Here I may try my very best at something, and I may well fail. And so? Personal progress is not so different from the scientific progress we work towards in our labs every day. We fail and struggle and things get broken down because we’re working at the border of what we know to be possible.

 

So now I’m trying to apply principles of basic research to my personal life. I’m trying to not be excessively preoccupied with the ultimate outcome, to accept the very real possibility of failure despite good preparation, and to take new paths rather than force my way down one that isn’t working. I rationalized to myself that along the spectrum of all possible outcomes in life, failing an economics course at MIT would still rank in the “okay” category. I try to remember that one class is not of infinite importance, and failing it won’t cause a chain-reaction of all my future hopes and plans coming crashing down like cosmic dominoes.

 

(For what it’s worth, I ended up passing the exam and the class. I learned new and wacky things. I’m not very good at economics, but I remember reading problems from the beginning of the semester and feeling as though I had been dropped in the middle of a very dense and opaque forest. Now when I return to them, the forest is still there, but there are trails and paths out that I have worn through the trees. It’s navigable.)

 

Like any other formative process, grad school takes and it gives. Sometimes, when the workload approaches the unmanageable, I think a lot about the things that MIT has taken from me. My free time, my multi-year streak of not crying in public, my warm, sunny afternoons outside with friends. I miss being able to go to sleep at night without experiencing some degree of existential panic. I miss being perceived as relatively… good at things?

 

On most other days, however, I’m constantly reminded of the things this school has given to me. On the other side of the imposter coin there is deep inspiration and fulfillment in being surrounded by people I admire for their brilliance and humanity. I have the opportunity to learn (and get paid to learn) about things I deeply care about.

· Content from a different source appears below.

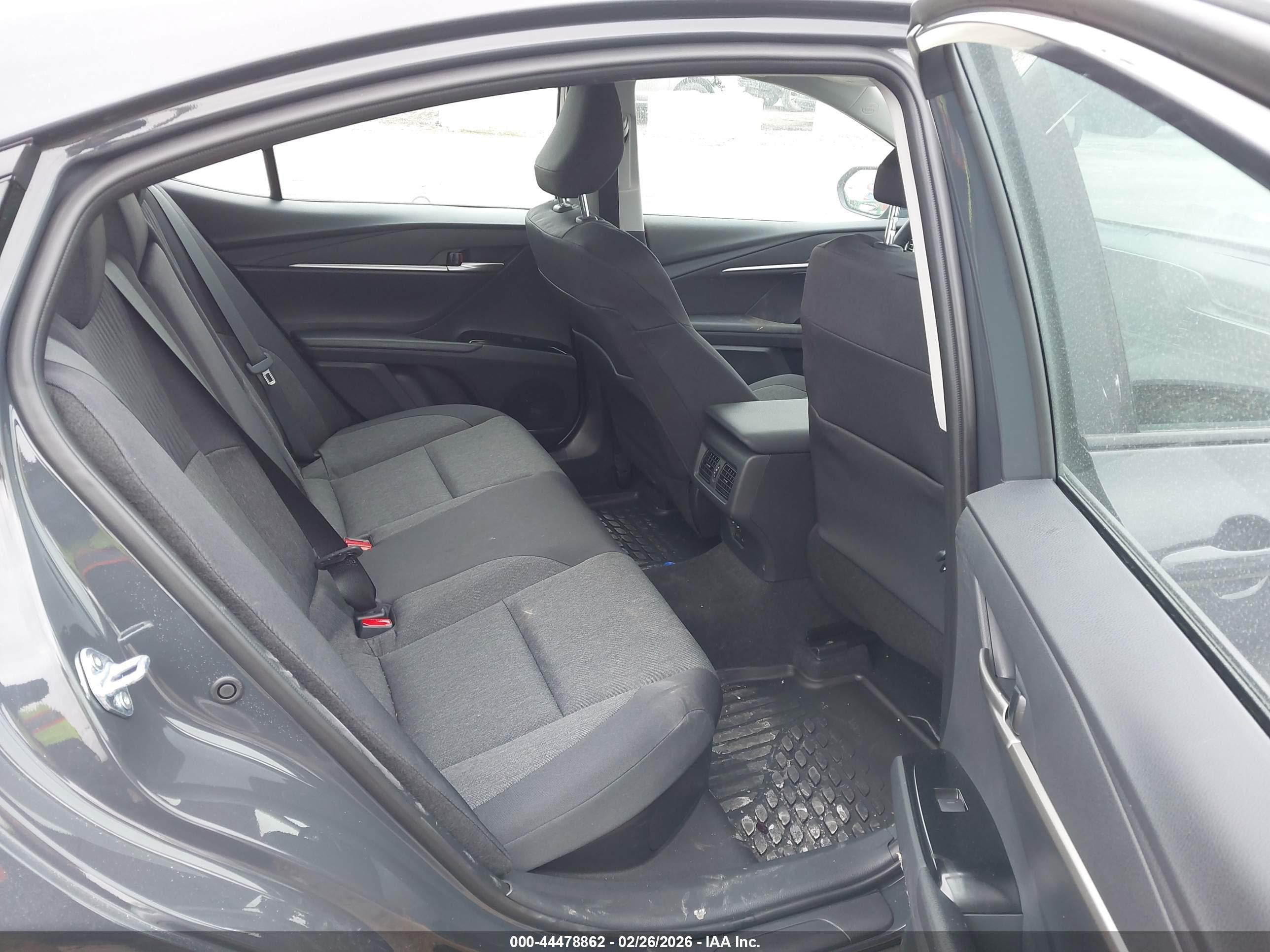 TOYOTA CAMRY image 8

I am surrounded by the best and brightest professors and students who are building and thinking about amazing things, everywhere, all the time. I have found friends more accepting and more humble than any others I have known. The things I have been given are a collection of little qualities that when viewed together, make up a picture that is at once challenging and beautiful and impossible and maddening and satisfying. It’s home.